• EXERCISE MATERIAL:
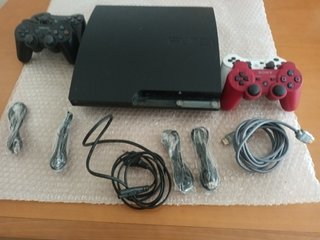 PS3 Slim 2TB CON 4 CONTROLES Y 15 JUEGOS FISICOS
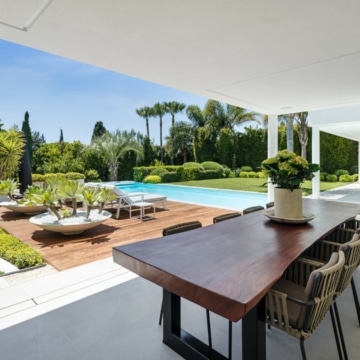Modern villa with stunning sea and mountain views in Marbesa, Marbella East Picture 11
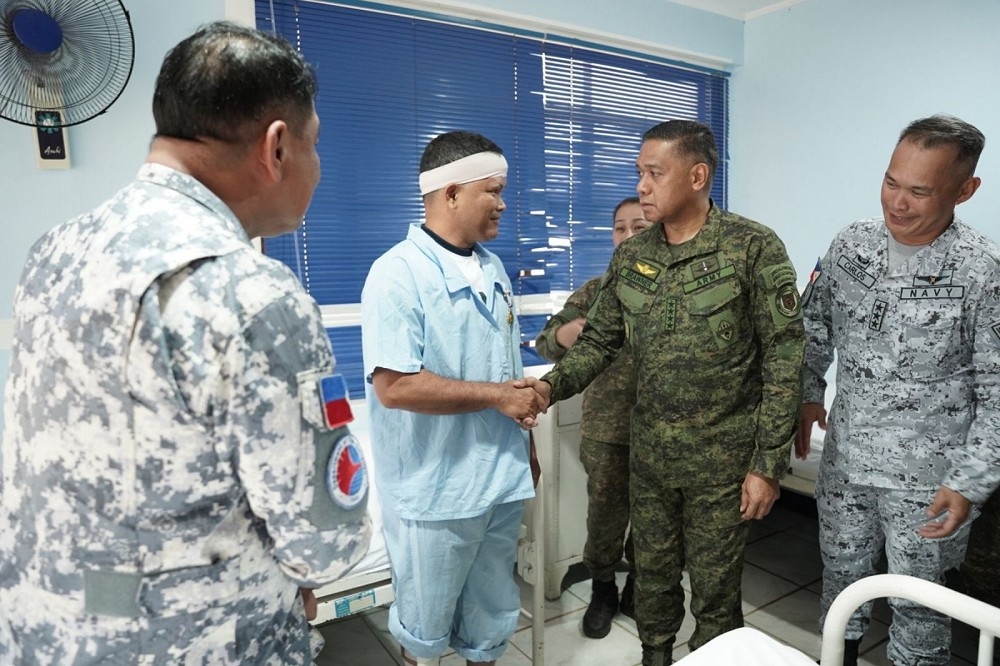 菲國參謀總長布勞納，探視因為執行運補任務而受傷的官兵，（取自菲律賓軍方FB）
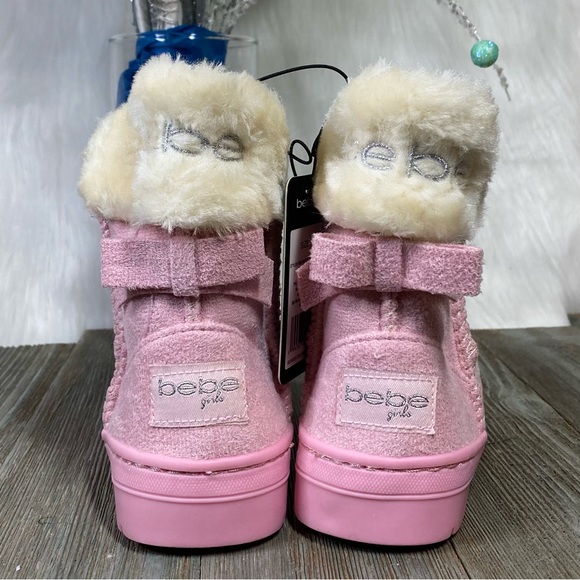 bebe Girls Mid Calf Suede Winter Boots Embellished with Fur Cuff & Back Bow
SZ 7 - Picture 4 of 10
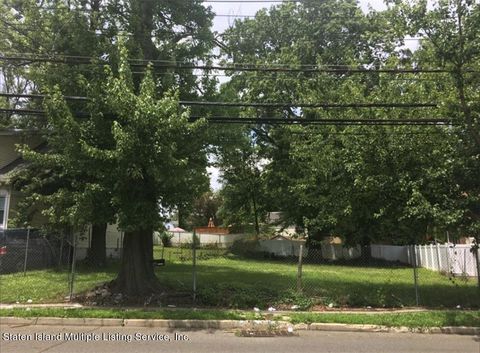 Photo of 369 Wilson Avenue, Staten Island, NY 10312 (MLS # 1165750)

• PROBLEM STATEMENT: What comes back should match the records exactly, minus any pictures.

• RESPONSE BELOW:
 PS3 Slim 2TB CON 4 CONTROLES Y 15 JUEGOS FISICOS
Modern villa with stunning sea and mountain views in Marbesa, Marbella East Picture 11
 菲國參謀總長布勞納，探視因為執行運補任務而受傷的官兵，（取自菲律賓軍方FB）
 bebe Girls Mid Calf Suede Winter Boots Embellished with Fur Cuff & Back Bow
SZ 7 - Picture 4 of 10
 Photo of 369 Wilson Avenue, Staten Island, NY 10312 (MLS # 1165750)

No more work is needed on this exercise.